Stray From The Heart
New York, NY
212-726-DOGS [email protected]@gmail.com 





*****Roberta 212 458 1618 or 917 696 6863 Time is of the essence.*



*[email protected]@gmail.com (< @ GMAIL. COM >) **HERE IS TOOTSIE!!*


----------



## Karen519 (Aug 21, 2006)

*Bumping*

Bumping up for Tootsie!


----------



## LifeOfRiley (Nov 2, 2007)

I got your message, Karen. I'll see if I can still log in to the GSD forum and post her info there. 
What a gorgeous girl. I have to think that somebody will be interested in her.


----------



## Karen519 (Aug 21, 2006)

*LifeofRiley*

LifeofRiley

That would be wonderful if you could post her on the GSD Forum.
let me know if you can get on!!


----------



## LifeOfRiley (Nov 2, 2007)

Karen519 said:


> LifeofRiley
> 
> That would be wonderful if you could post her on the GSD Forum.
> let me know if you can get on!!


Well, I was able to log in and post her info and picture yesterday morning, but it has to be reviewed by a moderator before the post will be visible and it's still not showing. I just checked. So, I don't know if it will meet with their approval or not... :uhoh:


----------



## FinnTastic (Apr 20, 2009)

Bumping up


----------



## C's Mom (Dec 7, 2009)

She is very pretty. Fingers crossed for Tootsie.


----------



## Karen519 (Aug 21, 2006)

*Tootsie*

Bumping up for Tootsie!!


----------



## Karen519 (Aug 21, 2006)

*Just emld.*

I just emld. [email protected]
to see if Tootsie has found a home.


----------



## Karen519 (Aug 21, 2006)

*Great and Wonderful News for Tootsie*

I emld. Beth of Stray from the Heart to ask if Tootsie has found a home and she said:

"Yes, Tootsie has found a great home!!

*So HAPPY FOR TOOTISE!!!*


----------



## LifeOfRiley (Nov 2, 2007)

Karen519 said:


> I emld. Beth of Stray from the Heart to ask if Tootsie has found a home and she said:
> 
> "Yes, Tootsie has found a great home!!
> 
> *So HAPPY FOR TOOTISE!!!*


Oh, that's fantastic!

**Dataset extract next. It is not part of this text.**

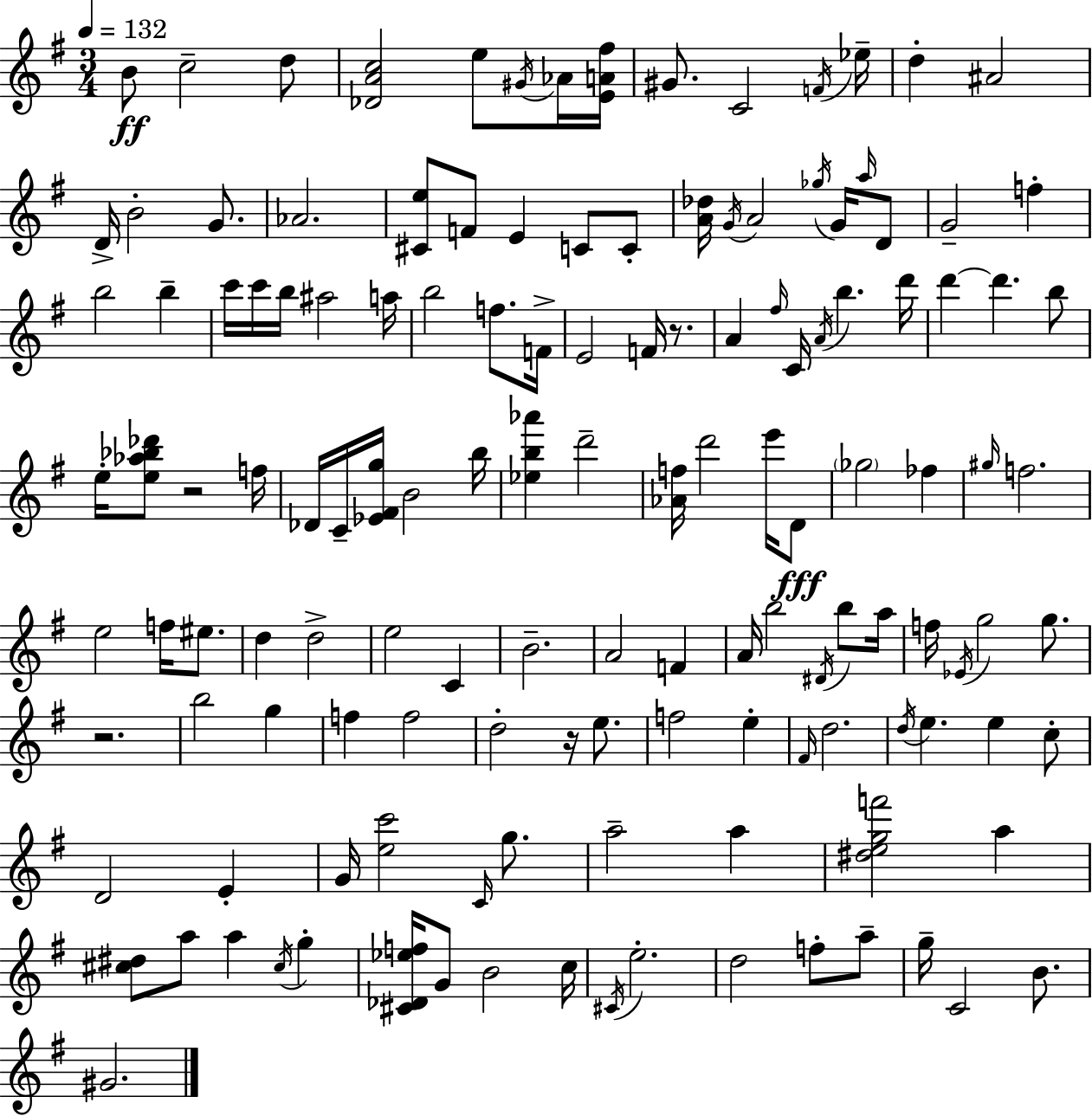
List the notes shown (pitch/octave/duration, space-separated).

I was checking back here and was just going to ask you if there was any news about her. 
Apparently she didn't get posted on the GSD forum and I couldn't stop thinking about this girl! 
I SO hope she's happy with her new family.


----------



## Karen519 (Aug 21, 2006)

*LifeofRiley*

LifeofRiley

I so hope Tootsie is happy, too!
Thanks for trying.


----------